*** Provided material Section Begins ***
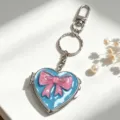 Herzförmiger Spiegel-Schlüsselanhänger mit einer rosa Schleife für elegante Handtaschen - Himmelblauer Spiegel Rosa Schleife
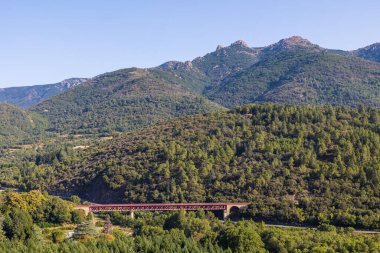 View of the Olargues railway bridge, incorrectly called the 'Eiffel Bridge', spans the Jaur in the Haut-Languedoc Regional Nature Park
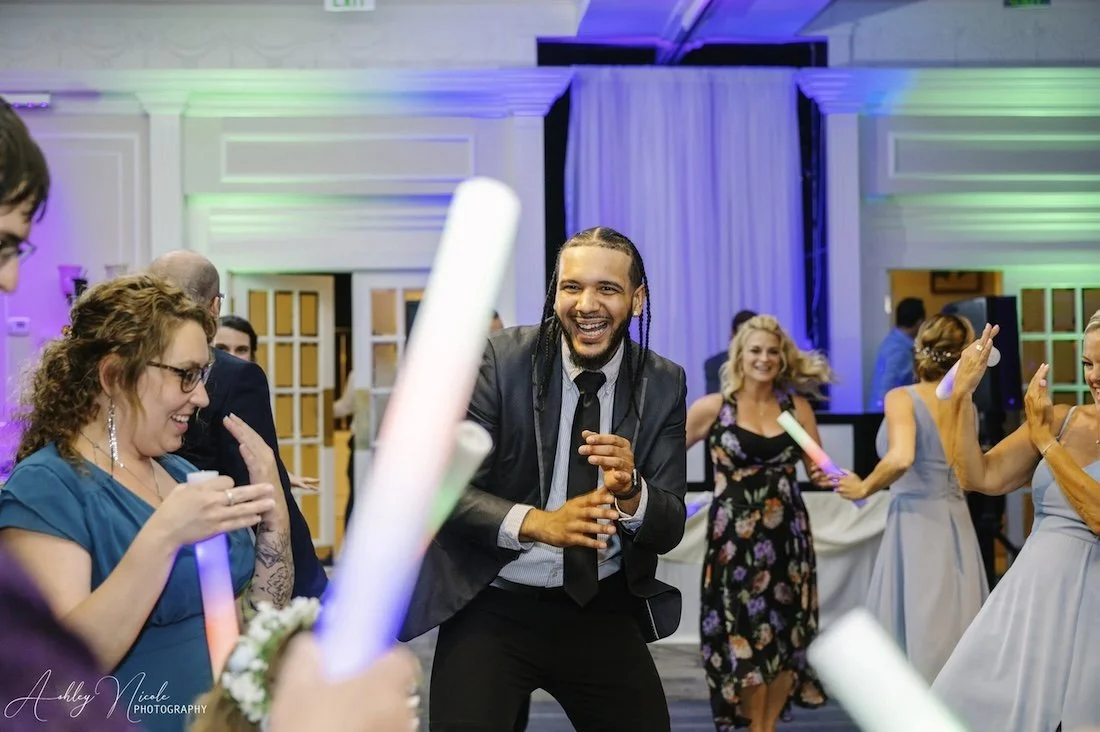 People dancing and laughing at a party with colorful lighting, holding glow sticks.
*** Provided material Section Ends ***
*** Provided material Section Begins ***
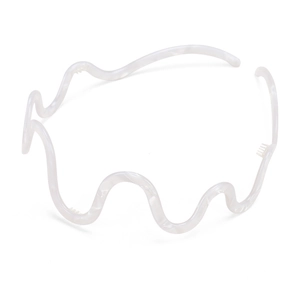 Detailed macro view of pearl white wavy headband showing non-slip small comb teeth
*** Provided material Section Ends ***
*** Provided material Section Begins ***
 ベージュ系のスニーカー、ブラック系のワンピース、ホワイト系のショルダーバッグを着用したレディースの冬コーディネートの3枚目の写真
*** Provided material Section Ends ***
Task to complete:
Above are some records; quote exactly and only the lines that begin at the line containing "Herzförmiger Spiegel-Schlüsselanhänger mit" and stop after the line containing "People dancing and", leaving out the pictures.

Answer to this problem:
 Herzförmiger Spiegel-Schlüsselanhänger mit einer rosa Schleife für elegante Handtaschen - Himmelblauer Spiegel Rosa Schleife
 View of the Olargues railway bridge, incorrectly called the 'Eiffel Bridge', spans the Jaur in the Haut-Languedoc Regional Nature Park
 People dancing and laughing at a party with colorful lighting, holding glow sticks.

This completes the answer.